Pendidikan & Kesehatan

Mahasiswa UB Malang Bikin Sosis Basuke, Olahan Ikan Kaya Protein

Proses pembuatan sosis Basuke oleh mahasiswa UB. (Humas UB)

Malang(beritajatim.com) – Lima mahasiswa Fakultas Perikanan dan Ilmu Kelautan (FPIK) Universitas Brawijaya (UB) yakni Surya Rachman Susilowati, Erviana Shinta Dewi, Surya Dewa Ramadhan, Lalu Octavian Diandra P dan Yesica Wulanda Eka P. Menciptkan produk olahan daging ikan yang aman bernama Sosis Basuke (Barakuda Singkong dan Daun kelor).

Salah satu anggota tim, Surya mengatakan, sosis Basuke merupakan sebuah produk pangan berbahan baku Ikan Barakuda, singkong dan daun kelor yang menggunakan bahan pengawet dari cangkang atau karapas udang.

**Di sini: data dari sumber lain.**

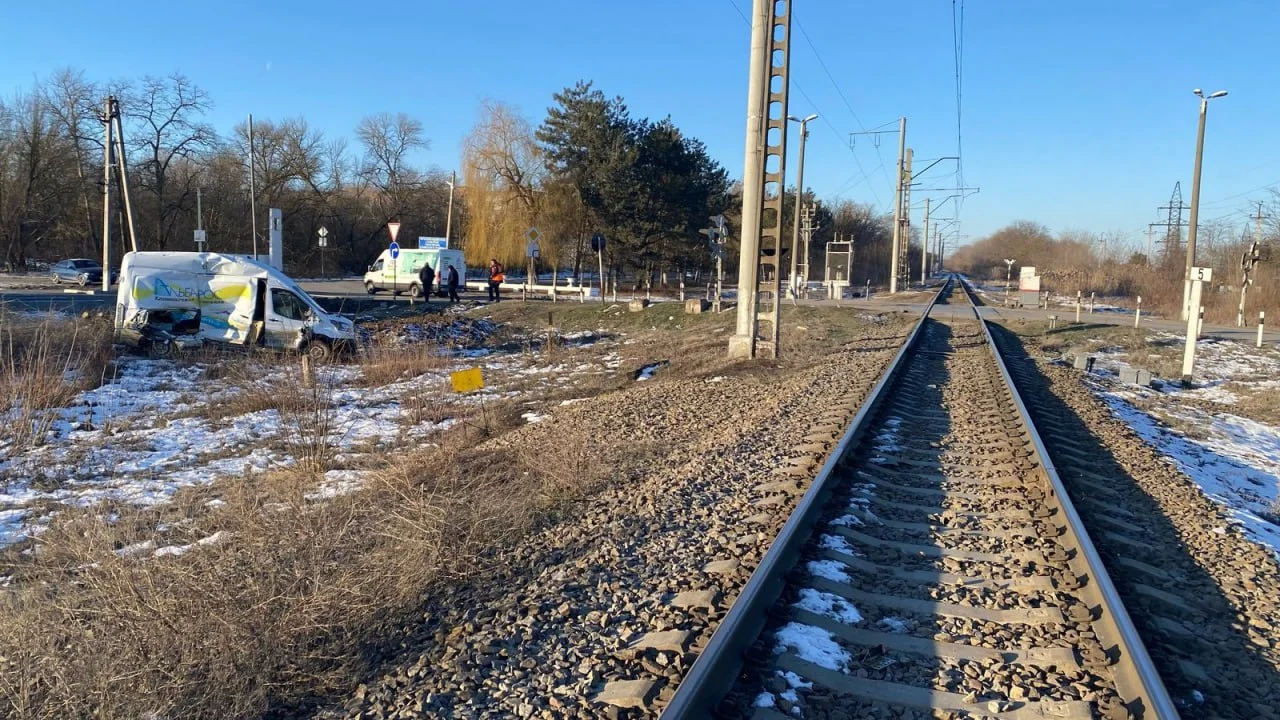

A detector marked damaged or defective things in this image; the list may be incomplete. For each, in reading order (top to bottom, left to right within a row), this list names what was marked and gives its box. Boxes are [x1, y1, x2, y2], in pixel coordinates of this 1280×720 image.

white damaged van [114, 251, 358, 358]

“Ikan barakuda mengandung vitamin B2 yang berperan dalam menjaga sistem syaraf agar berjalan normal, membantu memperlancar metabolisme, menyembuhkan radang kulit, mencegah penyakit jantung dan baik bagi kesehatan mata,” kata Surya, Jumat, (30/7/2021).

Sedangkan daun kelor digunakan karena memiliki kandungan gizi yang baik untuk keesehatan berupa protein, karbohidrat, zat besi, magnesium, dan Vitamin A. Sementara, singkong kaya akan zat besi, Energi, Fosfor, kalium, karbohidrat dan lemak serta difortifikasi kitosan yang berfungsi sebagai bahan pengawet alami.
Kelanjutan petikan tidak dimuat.